The monastery, which is located on two sites in north-east England, was founded in the late seventh century AD and parts of it which are still in use today date from the lifetime of its most famous inhabitant, the Venerable Bede.
Nearly 30 sites in the UK have already achieved World Heritage Site Status, including the Tower of London, Edinburgh and the Giant’s Causeway. They form part of a select group of sites around the world such as the Great Barrier Reef, Venice and Machu Picchu.
UNESCO will examine the nomination and make a final decision next year.
Mr Hunt said he was “delighted” to give the bid his full support and spoke of the importance of the site. “The Twin Monastery of Wearmouth-Jarrow looking out on to the North Sea coast had a profound influence on learning in the Middle Ages and played a huge part in the emergence of European identity,” said Mr Hunt. “The outstanding library and teaching assembled at Wearmouth-Jarrow by founder Benedict Biscop was unlike anything else available in its day and it became the primary intellectual centre of Western Europe.”
Rt Revd Mark Bryant, Bishop of Jarrow and Wearmouth-Jarrow Partnership Chair, said: “The submission of the nomination of the Twin Monastery of Wearmouth-Jarrow for inclusion on the World Heritage List is a massively significant milestone in more than a decade’s partnership working. The organisations and communities responsible for this historic site have put an enormous amount of work in to seek recognition of Wearmouth-Jarrow as a World Heritage Site, to celebrate the vision and drive of its founder, Benedict Biscop.

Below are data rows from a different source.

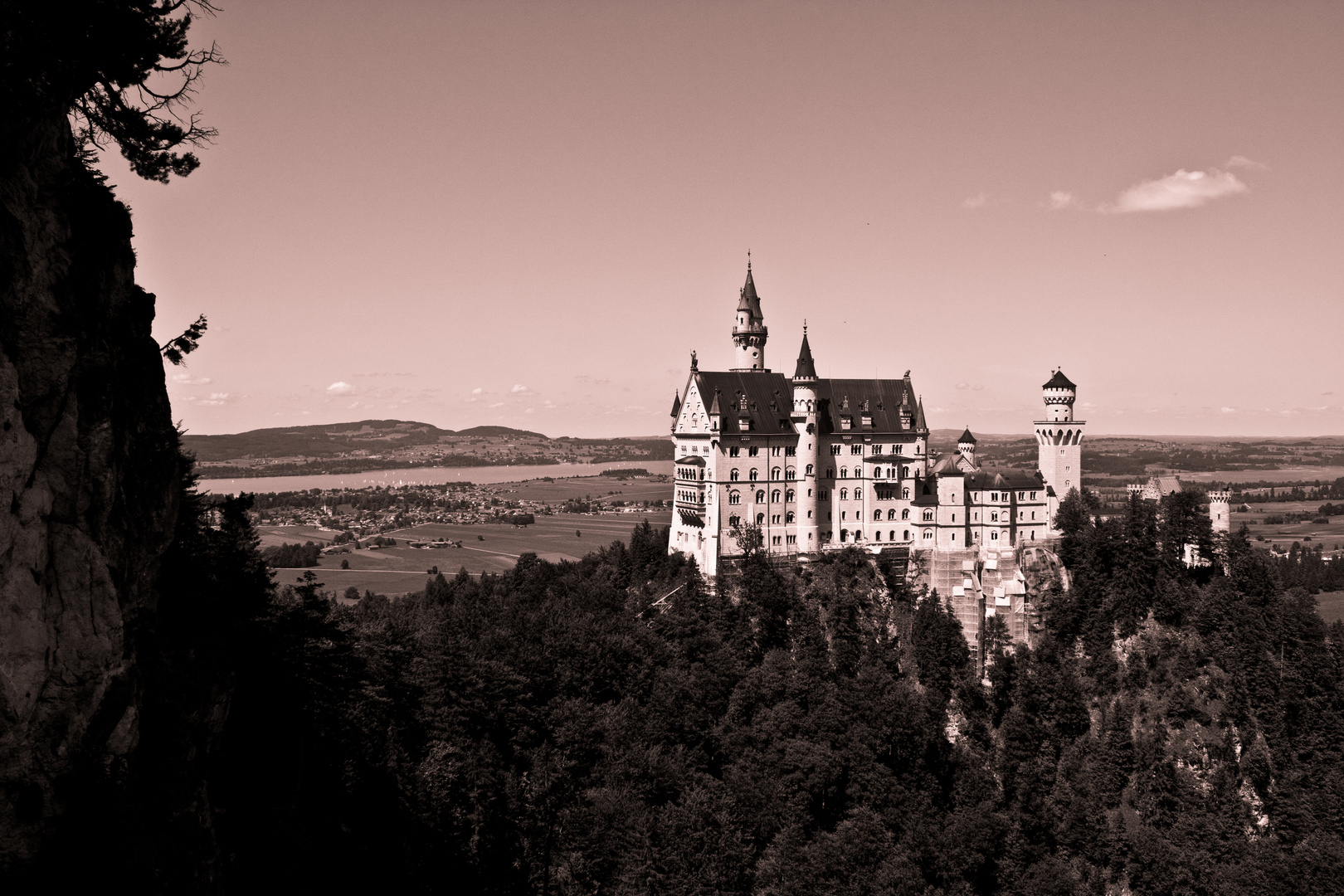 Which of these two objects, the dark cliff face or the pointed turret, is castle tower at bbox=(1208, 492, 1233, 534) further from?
the dark cliff face

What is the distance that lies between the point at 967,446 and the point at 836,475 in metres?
11.3

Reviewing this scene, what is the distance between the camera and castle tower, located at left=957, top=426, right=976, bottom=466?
8781 cm

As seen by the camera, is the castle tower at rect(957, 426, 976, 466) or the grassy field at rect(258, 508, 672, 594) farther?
the grassy field at rect(258, 508, 672, 594)

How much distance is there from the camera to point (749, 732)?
67688 mm

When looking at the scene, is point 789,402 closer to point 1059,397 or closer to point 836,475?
point 836,475

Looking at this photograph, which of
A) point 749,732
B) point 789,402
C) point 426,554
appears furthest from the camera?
point 426,554

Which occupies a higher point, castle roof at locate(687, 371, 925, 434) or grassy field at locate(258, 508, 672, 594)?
castle roof at locate(687, 371, 925, 434)

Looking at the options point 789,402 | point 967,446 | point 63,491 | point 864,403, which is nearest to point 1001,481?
point 967,446

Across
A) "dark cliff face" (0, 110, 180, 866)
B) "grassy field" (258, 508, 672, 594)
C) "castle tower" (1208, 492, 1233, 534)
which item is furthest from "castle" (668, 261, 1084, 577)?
"dark cliff face" (0, 110, 180, 866)

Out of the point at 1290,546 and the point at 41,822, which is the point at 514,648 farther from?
the point at 1290,546

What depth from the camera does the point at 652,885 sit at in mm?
50312

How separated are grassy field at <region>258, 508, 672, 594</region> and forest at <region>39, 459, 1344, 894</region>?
41.3 m

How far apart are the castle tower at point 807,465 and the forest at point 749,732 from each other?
2965 mm

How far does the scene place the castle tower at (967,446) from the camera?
8781cm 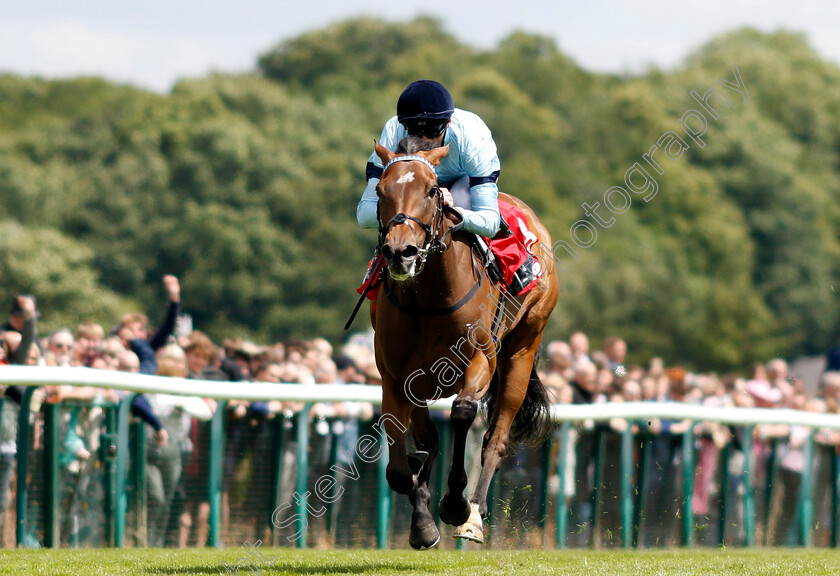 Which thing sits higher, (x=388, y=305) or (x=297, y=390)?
(x=388, y=305)

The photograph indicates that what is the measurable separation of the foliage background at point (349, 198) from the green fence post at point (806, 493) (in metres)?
26.8

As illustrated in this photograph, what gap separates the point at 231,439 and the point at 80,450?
3.44 ft

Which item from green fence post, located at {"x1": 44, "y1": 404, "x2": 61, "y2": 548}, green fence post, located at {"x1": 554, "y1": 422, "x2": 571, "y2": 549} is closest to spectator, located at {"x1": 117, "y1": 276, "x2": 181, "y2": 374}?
green fence post, located at {"x1": 44, "y1": 404, "x2": 61, "y2": 548}

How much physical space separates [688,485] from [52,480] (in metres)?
5.05

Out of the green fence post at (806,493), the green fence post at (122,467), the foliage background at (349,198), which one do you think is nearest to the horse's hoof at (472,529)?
the green fence post at (122,467)

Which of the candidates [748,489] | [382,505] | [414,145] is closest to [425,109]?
[414,145]

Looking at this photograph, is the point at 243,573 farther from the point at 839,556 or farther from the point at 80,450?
the point at 839,556

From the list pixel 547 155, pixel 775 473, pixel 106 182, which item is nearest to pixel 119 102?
pixel 106 182

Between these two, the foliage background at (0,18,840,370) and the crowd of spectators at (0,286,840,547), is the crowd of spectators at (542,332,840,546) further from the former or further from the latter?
the foliage background at (0,18,840,370)

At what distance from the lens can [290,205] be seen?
44188mm

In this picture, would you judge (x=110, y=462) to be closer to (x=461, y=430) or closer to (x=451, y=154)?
(x=461, y=430)

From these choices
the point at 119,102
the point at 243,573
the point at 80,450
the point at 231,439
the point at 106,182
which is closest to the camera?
the point at 243,573

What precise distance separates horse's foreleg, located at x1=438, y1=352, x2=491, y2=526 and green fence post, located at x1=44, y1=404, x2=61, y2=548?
240cm

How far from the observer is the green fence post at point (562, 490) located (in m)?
9.07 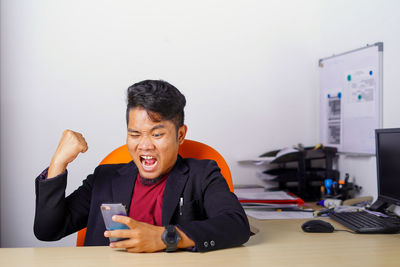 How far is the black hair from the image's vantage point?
1486mm

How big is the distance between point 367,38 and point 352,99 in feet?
1.14

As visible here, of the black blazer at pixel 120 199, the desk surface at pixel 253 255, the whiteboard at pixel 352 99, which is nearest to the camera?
the desk surface at pixel 253 255

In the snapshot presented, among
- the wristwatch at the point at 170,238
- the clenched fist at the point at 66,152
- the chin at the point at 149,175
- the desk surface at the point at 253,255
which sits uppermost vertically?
the clenched fist at the point at 66,152

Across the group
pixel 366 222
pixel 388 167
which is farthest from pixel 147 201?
pixel 388 167

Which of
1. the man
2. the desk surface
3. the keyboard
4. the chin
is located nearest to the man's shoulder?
the man

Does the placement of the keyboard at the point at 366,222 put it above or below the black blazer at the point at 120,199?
below

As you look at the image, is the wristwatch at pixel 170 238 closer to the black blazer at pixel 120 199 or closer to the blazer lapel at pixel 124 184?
the black blazer at pixel 120 199

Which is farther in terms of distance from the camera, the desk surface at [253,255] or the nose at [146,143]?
the nose at [146,143]

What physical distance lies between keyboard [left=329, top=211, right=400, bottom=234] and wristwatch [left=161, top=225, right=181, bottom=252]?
72 centimetres

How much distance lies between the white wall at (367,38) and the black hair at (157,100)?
117 cm

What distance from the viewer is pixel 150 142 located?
1497mm

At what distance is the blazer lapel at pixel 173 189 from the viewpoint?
1.49 metres

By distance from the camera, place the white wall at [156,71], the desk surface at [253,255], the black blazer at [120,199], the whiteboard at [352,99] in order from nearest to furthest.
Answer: the desk surface at [253,255] → the black blazer at [120,199] → the whiteboard at [352,99] → the white wall at [156,71]

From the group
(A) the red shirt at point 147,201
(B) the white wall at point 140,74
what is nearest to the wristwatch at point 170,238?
(A) the red shirt at point 147,201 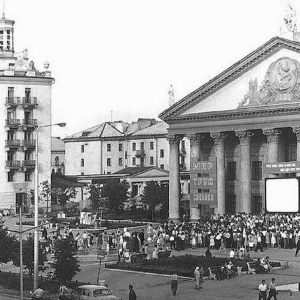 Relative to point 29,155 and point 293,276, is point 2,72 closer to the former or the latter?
point 29,155

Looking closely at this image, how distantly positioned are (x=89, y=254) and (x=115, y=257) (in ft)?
6.20

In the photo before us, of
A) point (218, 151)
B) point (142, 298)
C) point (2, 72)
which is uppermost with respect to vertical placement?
point (2, 72)

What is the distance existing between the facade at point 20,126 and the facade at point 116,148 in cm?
3040

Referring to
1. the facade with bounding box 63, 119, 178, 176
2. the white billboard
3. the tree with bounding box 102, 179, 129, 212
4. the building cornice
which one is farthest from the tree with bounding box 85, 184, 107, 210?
the white billboard

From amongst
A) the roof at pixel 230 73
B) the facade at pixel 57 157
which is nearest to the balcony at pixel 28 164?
the roof at pixel 230 73

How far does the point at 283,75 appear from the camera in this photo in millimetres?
77375

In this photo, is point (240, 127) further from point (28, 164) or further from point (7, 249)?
point (7, 249)

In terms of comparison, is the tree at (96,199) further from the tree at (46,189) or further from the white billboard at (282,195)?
the white billboard at (282,195)

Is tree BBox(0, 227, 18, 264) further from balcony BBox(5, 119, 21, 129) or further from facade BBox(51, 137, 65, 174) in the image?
facade BBox(51, 137, 65, 174)

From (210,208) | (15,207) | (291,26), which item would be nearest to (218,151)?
(210,208)

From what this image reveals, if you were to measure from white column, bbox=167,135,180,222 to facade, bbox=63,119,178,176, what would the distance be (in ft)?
143

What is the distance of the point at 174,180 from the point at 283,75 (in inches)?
635

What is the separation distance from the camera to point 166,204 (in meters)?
99.1

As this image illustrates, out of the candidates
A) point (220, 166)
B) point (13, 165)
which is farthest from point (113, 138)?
point (220, 166) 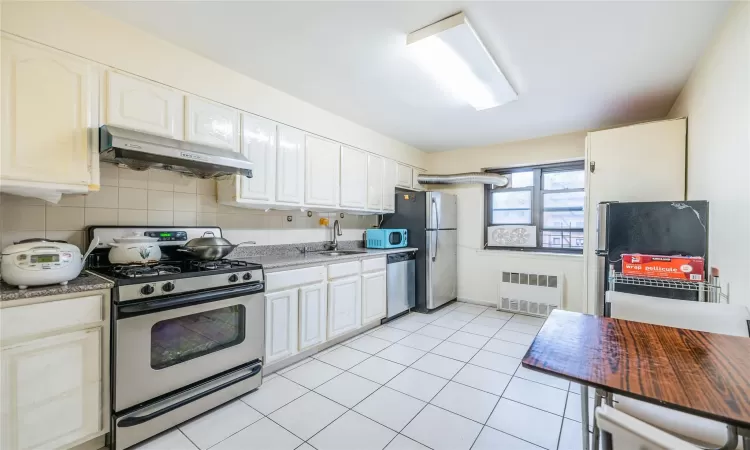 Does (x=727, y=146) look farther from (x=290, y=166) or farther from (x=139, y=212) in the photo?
(x=139, y=212)

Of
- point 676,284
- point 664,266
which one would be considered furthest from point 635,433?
point 676,284

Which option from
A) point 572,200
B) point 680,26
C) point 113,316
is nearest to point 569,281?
point 572,200

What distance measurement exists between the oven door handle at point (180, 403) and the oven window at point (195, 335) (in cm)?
23

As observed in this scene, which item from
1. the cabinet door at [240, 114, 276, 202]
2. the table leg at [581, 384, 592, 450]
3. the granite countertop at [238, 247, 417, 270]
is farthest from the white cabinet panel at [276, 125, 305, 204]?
the table leg at [581, 384, 592, 450]

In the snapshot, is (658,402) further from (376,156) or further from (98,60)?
(376,156)

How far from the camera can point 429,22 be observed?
6.11 feet

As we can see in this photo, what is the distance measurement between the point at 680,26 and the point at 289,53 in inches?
99.3

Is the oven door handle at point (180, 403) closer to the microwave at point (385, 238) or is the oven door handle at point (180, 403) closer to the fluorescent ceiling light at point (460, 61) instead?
the microwave at point (385, 238)

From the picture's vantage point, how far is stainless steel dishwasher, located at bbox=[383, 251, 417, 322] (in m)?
3.74

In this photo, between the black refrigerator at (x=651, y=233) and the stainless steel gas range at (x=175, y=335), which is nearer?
the stainless steel gas range at (x=175, y=335)

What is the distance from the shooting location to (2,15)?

“He created a remarkable, forward-looking centre of learning, creativity and international cultural exchange. The new architectural ideas and monastic plan he introduced can still be seen at the sites today, and through the legacy of Bede, his vision lives on.”
The site is the last that will be put forward from the 1999 UK Tentative List and the Government is now drawing up a new Tentative List. An independent expert panel is considering all the bids for inclusion on the new list.